Nel lontano anno 1975, una marito evocava in giudizio la moglie, chiedendo che fosse disposta la revocazione delle donazioni indirette eseguite in suo favore, avendo intestato a nome di lei la comproprietà di beni immobili acquistati con il proprio danaro. La moglie resisteva e, in via riconvenzionale (cioè, di rimando) chiedeva la divisione del patrimonio comune. Nel 1990, con la solita celerità della giustizia italiana, il Tribunale di Messina, respingeva la domanda ma, nel 2005 (sempre più veloce), la Corte d’Appello riformava la prima sentenza e dichiarava la revocazione per ingratitudine delle donazioni indirette.
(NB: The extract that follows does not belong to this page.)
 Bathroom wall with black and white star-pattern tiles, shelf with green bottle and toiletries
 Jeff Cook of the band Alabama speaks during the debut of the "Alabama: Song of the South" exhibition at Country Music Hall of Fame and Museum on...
Non paga, la moglie proponeva ricorso per Cassazione.
Con sentenza del 14 febbraio 2008 (l’ironia della sorte ha scelto il giorno di San Valentino) la Cassazione ha confermato la sentenza della Corte D’Appello: l’ingiuria grave, richiesta dall’art. 801 del codice civile quale presupposto della revocazione, consiste in un comportamento con il quale si rechi all’onore ed al decoro del donante un’offesa suscettibile di ledere gravemente il patrimonio morale della persona, sì da rilevare un sentimento di avversione che manifesti un’ingratitudine verso colui che ha beneficato l’agente, tale da ripugnare alla coscienza comune.
Pertanto, costituisce ingiuria grave non tanto il fatto che la ricorrente, all’età di trentasei anni, già madre di tre figli, avesse intessuto, con un ventitreenne, una relazione, protrattasi clandestinamente per vari anni e sfociata nell’abbandono della famiglia per convivere con il nuovo compagno, quanto l’atteggiamento complessivamente adottato, menzognero e irriguardoso verso il marito, all’insaputa del quale la ricorrente si univa con l’amante nell’abitazione coniugale.